全国的に砂浜がやせている。砂を定期的に足してやらないと、砂浜がなくなってしまう勢い。波による侵食を防ごうとブロックを放り込んだりしている。かつては砂浜がやせる季節があってもまた回復したのに。
川にダムができて砂が供給されなくなっていることも大きいが、「緑が増えた」ことも大きい。

江戸時代はハゲ山が多かった。燃料に木を切ったからだ。このため土砂が大量に流れた。大阪などは、大阪城のすぐそばまで海だったのに、大量の土砂で平野が広がった。同様なことが全国で起き、平野が広がった。そのくらい、土砂の供給が大量にあった。

これは明治になってもそうだった。
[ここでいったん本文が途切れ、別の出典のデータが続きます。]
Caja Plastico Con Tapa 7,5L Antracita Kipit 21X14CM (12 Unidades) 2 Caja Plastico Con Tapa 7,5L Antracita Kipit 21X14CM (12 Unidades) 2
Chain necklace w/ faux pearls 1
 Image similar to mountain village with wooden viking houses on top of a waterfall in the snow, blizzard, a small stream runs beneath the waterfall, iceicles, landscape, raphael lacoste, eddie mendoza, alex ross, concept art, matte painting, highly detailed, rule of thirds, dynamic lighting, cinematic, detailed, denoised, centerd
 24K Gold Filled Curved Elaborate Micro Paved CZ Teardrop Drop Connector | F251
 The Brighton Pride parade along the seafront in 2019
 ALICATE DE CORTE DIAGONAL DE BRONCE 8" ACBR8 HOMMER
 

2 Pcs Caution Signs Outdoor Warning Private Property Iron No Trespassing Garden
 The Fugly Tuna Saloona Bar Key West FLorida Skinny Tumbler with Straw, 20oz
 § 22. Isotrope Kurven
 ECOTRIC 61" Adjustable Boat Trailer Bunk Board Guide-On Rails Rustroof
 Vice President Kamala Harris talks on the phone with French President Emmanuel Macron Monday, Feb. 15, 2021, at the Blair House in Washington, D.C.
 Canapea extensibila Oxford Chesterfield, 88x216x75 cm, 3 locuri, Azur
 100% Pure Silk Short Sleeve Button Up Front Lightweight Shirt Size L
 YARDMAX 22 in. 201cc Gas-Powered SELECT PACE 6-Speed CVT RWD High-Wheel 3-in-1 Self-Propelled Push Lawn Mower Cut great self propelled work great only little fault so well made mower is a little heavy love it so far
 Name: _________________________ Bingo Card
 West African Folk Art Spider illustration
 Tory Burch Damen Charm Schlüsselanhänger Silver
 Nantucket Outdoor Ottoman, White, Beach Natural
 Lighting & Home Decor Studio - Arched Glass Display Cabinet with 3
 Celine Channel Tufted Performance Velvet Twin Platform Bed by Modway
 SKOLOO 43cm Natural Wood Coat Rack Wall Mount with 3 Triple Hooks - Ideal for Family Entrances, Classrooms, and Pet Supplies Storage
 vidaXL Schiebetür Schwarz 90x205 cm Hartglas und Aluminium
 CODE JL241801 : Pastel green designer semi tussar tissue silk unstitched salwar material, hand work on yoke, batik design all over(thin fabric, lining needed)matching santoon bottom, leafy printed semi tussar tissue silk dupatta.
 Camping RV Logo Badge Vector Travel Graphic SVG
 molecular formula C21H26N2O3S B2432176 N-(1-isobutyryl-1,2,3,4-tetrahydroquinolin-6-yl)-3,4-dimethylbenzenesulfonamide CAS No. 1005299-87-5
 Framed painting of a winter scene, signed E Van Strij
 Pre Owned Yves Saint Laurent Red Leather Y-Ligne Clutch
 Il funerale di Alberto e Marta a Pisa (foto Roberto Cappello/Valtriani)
しかし第二次大戦後、石油革命が起きて薪がいらなくなったこと、植林を積極的に進めた結果、有史以来の緑の多い国土となった。奈良時代もハゲ山が多かったのに、今の日本はどこも緑豊か。まさに有史以来の緑の多さ。

それだけ森林が増えた結果、雨が直接地面をたたくことがなくなり、土砂が川に流れ込むことがなくなった。全国的に砂浜がやせる原因に、緑が多すぎる、ということがあるらしい。

以上の話は「森林飽和」に出てくる。しかし砂浜がやせる原因は砂防ダムに帰する話が多く、本書のように「緑が多すぎるから」と指摘する論説は少ない。
この点はもう少し知られてよいように思う。